In my first article in this series, I discussed the pros and cons of using automatic bank feeds, and in the second, I examined how you can use your accounting software to reduce or even eliminate the need for automatic bank feeds. In this third article, I want to examine how automatic bank feeds can be used effectively while avoiding the reservations I have previously expressed about using ‘screen-scraping’ software.
Whether I like it or not, automatic bank feeds are now a permanent fixture in the accountancy landscape, certainly for the foreseeable future. Given this, how can such software be used to good, robust and reliable effect?
In other words, is there a ‘best of both worlds’ scenario, where accountants can use automatic bank feeds while adapting existing processes without any professional compromise?
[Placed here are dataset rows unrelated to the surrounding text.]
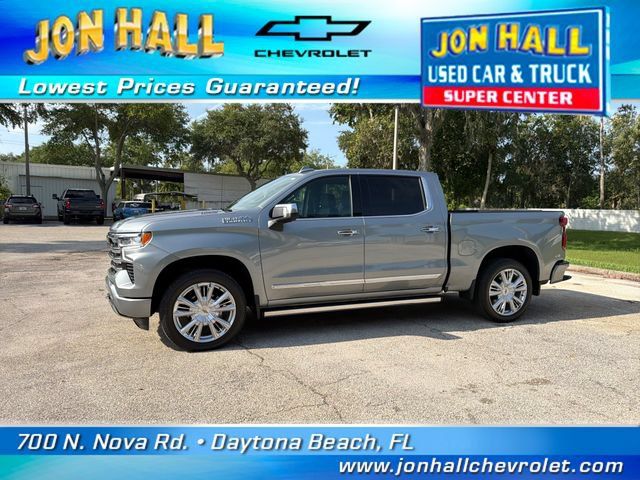 Used 2026 Chevrolet Silverado 1500 High Country AWD/4WD image 3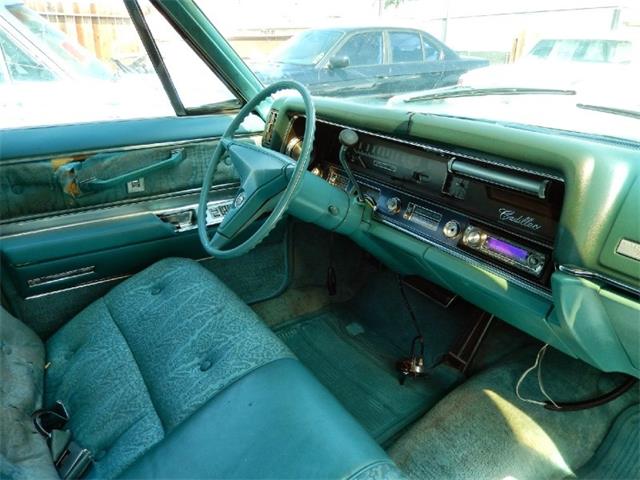 1967 Cadillac Fleetwood (CC-878950) for sale in Ontario, California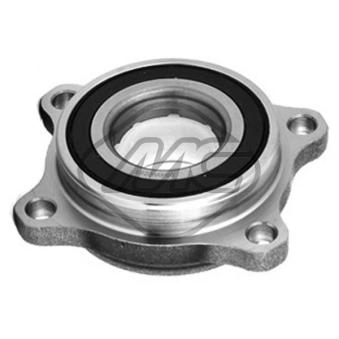 Roulement de roue avant Metalcaucho OEM 60816766 Roulement de roue avant Metalcaucho OEM 60816766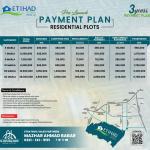 7 Marla Plots Available For Sale In Etihad Town Phase 3 Lahore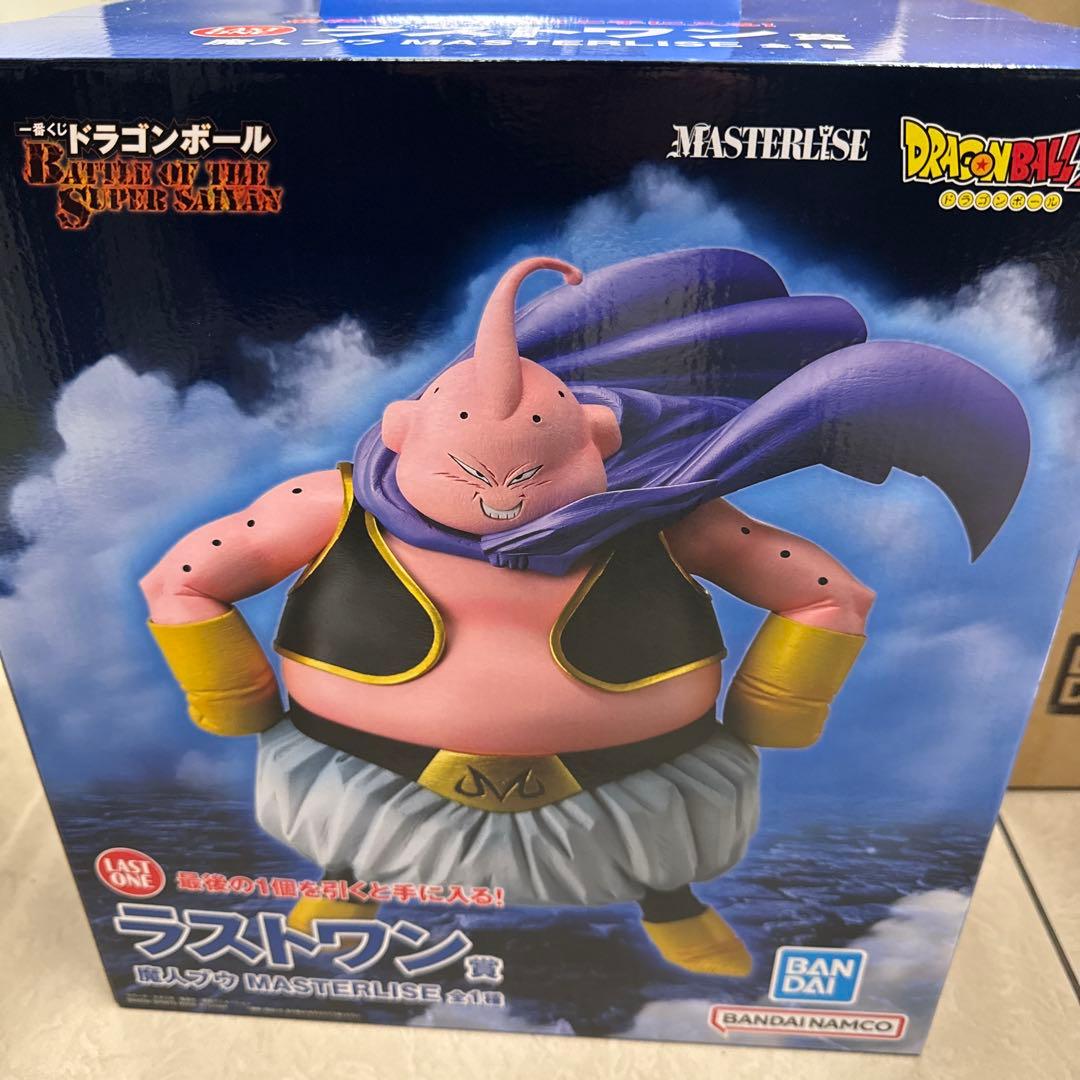 魔神ブウ　フィギュア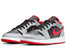 Jordan 1 Low Cement Fire Red (GS)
To my mind, the best use of automatic bank feeds is as a check or as a reassurance that your work is accurate and correct – i.e. to populate bank reconciliation. Some may think this to be a duplication of work (i.e. enter and import bank transactions), but bank reconciliation is just that, and automatic bank feeds allow you to obtain transaction data from a bank account quickly and easily. Having said that, I have previously noted that most banks allow you to export such information as a CSV file without the need for automatic bank feeds. So the above suggested use of bank feeds is unnecessary if you’re prepared to put a little bit of work into your existing systems and processes.
You may be using or considering automatic bank feeds due to client expectations and professional peer pressure. While such things should not encourage you to cut corners or avoid necessary work, to be competitive you too may want to advertise the fact that your practice uses automatic bank feeds. Prelude Accounts is currently talking with new potential partners about providing such functionality with safeguards in the context of the arguments presented in these articles and, importantly, avoiding screen-scraping methods.
In any event, you should think carefully about just how much you actually want to automate your role, as you may end up making yourself effectively redundant, at least in your clients’ eyes. It is becoming increasingly apparent that HMRC is looking to deal with businesses and individuals directly, bypassing accountants in the process. Their method of doing so will be through the internet, apps and associated software. A cynic could say that this would precipitate a surge in accounting and reporting errors with a resulting increase in the Exchequer’s revenue, but I couldn’t possibly comment. Whether or not this strategy proves successful, your clients are increasingly going to be asking if they actually need an accountant if everything ends up being either semi or fully automated. Why would anyone be willing to pay accountancy fees if an accountant is no longer needed?
I would therefore urge accountants to be proactive in investigating new technology including cloud accounting solutions, as they will need to see how they fit into this brave new world. To help you, I will continue to voice my opinion and advice through this blog and articles for the ICPA’s Accounting Practice magazine. In this changing landscape of software innovation, consider that the context should not be just how it can make your life easier, but how it can help you to maintain your service as trusted and indispensable to your clients. What do you offer that cannot be replicated by software?
In this series of articles, I have given examples and arguments as to how a forward-thinking accountant can ‘future proof’ their job in light of automatic bank feeds and other software and processes – make sure you note them, and build them into your sales narrative with your clients. If accountants are not careful, they will end up as just software resellers, licensing software to their clients who will then be tempted to cut out the middleman and deal with the software vendors directly. It is therefore important for accountants to work with companies such as Diamond Discovery to modernise accountants’ processes while not eliminating the need for the accountants themselves. Failure to react (positively and prudently) to automatic bank feeds and other new software could leave you behind the times and perceived as archaic as the abacus.